Where Impact Meets Efficiency: How SROI Can Guide Your CSR Investments

For more best practices on SROI, watch From Status Quo to Strategic: How SROI Can Revolutionize Your Giving

Imagine a world where you can find the most effective nonprofits serving the causes and communities you care most about. Instead of giving to the same partners over and over again (*cough* your board chair’s alma mater *cough*), you could easily identify the most high-performing organizations aligned with your strategic plans. Social return on investment (SROI) calculations can help.

 

What is Social Return on Investment (SROI)?

Social return on investment (SROI) quantifies how efficiently philanthropy benefits society.

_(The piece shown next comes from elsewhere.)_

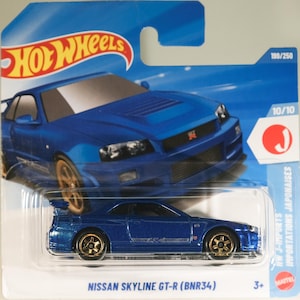 Puede incluir: Un coche de juguete Hot Wheels Nissan Skyline GT-R (BNR34) azul en su embalaje original de blíster azul y blanco. El embalaje presenta un gráfico del coche, el logotipo de Hot Wheels y el texto 199/250, 10/10 y HW J-IMPORTS.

SROI is similar to business ROI, in that they both measure return on investment for every dollar invested. The difference is that ROI measures financial returns to the investor, whereas SROI measures value (or impact) to society. (And to be clear, CSR programs can help move the needle on both!)

To calculate SROI, count the number of successful outcomes a program generates—remember, not every beneficiary served by a program will necessarily be successful—and divide that number by the total cost of implementing that program. The result is the number of successful outcomes per dollar spent. Since one dollar typically has a minuscule impact, we usually multiply the result by $10,000 (i.e., how much success per $10,000 invested) to get a more user-friendly number. For example, if an emergency housing program spent $100,000 and the outcome was 25 people gaining short-term housing, that would be an SROI of 2.5 per $10,000 invested into the program.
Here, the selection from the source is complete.